By: Terence Creamer
1st March 2007
The South African government and key State-owned enterprises, such as Eskom and Transnet, are expected to spend some R409-billion on public-infrastructure projects over the next five years as part of a drive to ease constraints in the power, transport and water sectors. In addition, priority attention is being given to projects that have to be ready in time for the quadrennial Fifa World Cup, to be held in South Africa during June and July of 2010 - including five new stadiums and five refurbished stadiums.
Speaking following the release of strong interim results, Murray & Roberts (M&R) executive director Sean Flanagan, who is responsible for the high-profile 2010-type projects within the group (including Gautrain and the World Cup stadiums), said that there was a “complete imbalance” between government's delivery capacity and that of the contractor community.
By way of example, he pointed out that, on the R25-billion rapid-rail Gautrain project, the only permanent government employee able to engage with the complexities of the project was Gautrain project head Jack van der Merwe. The balance of the Gautrain team, Flanagan said, was made up entirely of outside consultants.
“Government has the money and the projects, but they simply do not have the capacity to deliver those projects . . . so when we sit down to negotiate there is a massive problem,” Flanagan lamented, adding that this reality was making it difficult to reach closure on deals.
He was particularly perturbed about the slow decision-making surrounding the 68 000-seater R2-billion Green Point stadium, in Cape Town, where a M&R-WBHO consortium was the preferred bidder on a project that had to be completed in 34 months. “We should have been on site two months ago and we were expecting to be appointed in December. But it is now March and there is still haggling over the last R180-million,” he said.
Similarly, at the smaller 45 000-seater Peter Mokaba stadium in Polokwane - where M&R subsidiary Concor was part of the preferred consortium - progress had “fizzled”. However, this R1-billion project could be built in 25 months.
“We want to and we must deliver on these projects in time for the World Cup . . . and there is almost as much pressure from Fifa to start the projects as there is to finish them. But as we keep telling everyone, 'we are never going to finish if we don't start' - even a humble engineer is able to work that one out,” Flanagan quipped.

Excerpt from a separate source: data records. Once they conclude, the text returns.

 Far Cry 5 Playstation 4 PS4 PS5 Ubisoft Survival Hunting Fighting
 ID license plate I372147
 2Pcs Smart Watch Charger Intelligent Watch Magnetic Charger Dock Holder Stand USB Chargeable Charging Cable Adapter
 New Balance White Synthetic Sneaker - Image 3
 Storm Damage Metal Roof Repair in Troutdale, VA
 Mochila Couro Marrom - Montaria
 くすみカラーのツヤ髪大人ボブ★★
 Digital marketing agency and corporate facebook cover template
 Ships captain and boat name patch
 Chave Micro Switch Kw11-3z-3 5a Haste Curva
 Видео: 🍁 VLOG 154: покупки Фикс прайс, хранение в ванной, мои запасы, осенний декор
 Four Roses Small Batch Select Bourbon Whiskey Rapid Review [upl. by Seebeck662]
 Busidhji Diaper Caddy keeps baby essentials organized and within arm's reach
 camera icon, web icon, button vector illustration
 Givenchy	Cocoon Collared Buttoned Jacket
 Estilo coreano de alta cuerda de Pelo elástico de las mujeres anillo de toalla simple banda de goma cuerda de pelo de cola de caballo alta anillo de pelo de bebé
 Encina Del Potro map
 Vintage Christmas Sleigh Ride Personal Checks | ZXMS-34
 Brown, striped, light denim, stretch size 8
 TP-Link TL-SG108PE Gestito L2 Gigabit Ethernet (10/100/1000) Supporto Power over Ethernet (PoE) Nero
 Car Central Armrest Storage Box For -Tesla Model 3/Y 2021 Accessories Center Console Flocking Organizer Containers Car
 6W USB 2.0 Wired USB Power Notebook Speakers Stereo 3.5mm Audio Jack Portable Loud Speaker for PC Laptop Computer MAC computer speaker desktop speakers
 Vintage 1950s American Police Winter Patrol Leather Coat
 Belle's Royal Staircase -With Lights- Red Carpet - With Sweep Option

Flanagan also stressed that, while the Bombela Consortium (Bombardier Transportation (25%), Bouygues Travaux Public (25%), Murray & Roberts (25%), and Strategic Partners Group (SPG) (25%)) was working tirelessly to complete the first phase of the Gautrain (involving the link from OR Tambo International Airport to Sandton and Sandton to Midrand) in time for the World Cup, it was under no contractual obligation to do so.
“We will, one year into the project, which will be September, sit with government to see whether or not it is possible to accelerate elements of the work in order to complete. But at this stage we have no obligation to do so,” he stressed.
SA must move toward design-build
Flanagan said that he also felt that projects had to be conceived differently, proposing that they be delivered on a design-build, rather than a construct-only basis.
He said that, the only reason that the Gautrain project had gotten off to the flying start it had, was because M&R had full control over the design, which enabled it to gear up for the start of construction - including taking on 300 people on risk even before commercial closure and long before financial close.
By contrast, Flanagan reported that it had still not had sight of the final design for the Green Point stadium, which he said would add to the risk of slow delivery.
This is not the first time M&R has called for an overhaul in the way tenders were managed, and several other built-environment professionals have backed that call.
One of those in support of the design-build concept is South African consulting engineering group, SSI. Its CEO, Naren Bhojaram has told Engineering News previously that the approach being taken on World Cup and infrastructure projects was not geared to fast-track delivery. He argued that all World Cup-related infrastructure should have been delivered through turnkey-type or even a public private-partnership arrangements, instead of along the traditional nonintegrated lines.
Other worries
Flanagan was also strident in his criticism of the way black economic-empowerment (BEE) rules were being administered. He pointed out that the group's various businesses now had to comply with various industry charters, but that over and above that government was setting in place unique BEE requirements for its various projects.
“We are finding a different requirement on just about every job. There is no way that we, or our competitors, can comply with seven, eight, or nine different requirements.
“All it does is reduce our percentage involvement in the projects and, therefore, we will not be prepared to put all our people, our balance sheet and our reputation at risk,” Flanagan warned.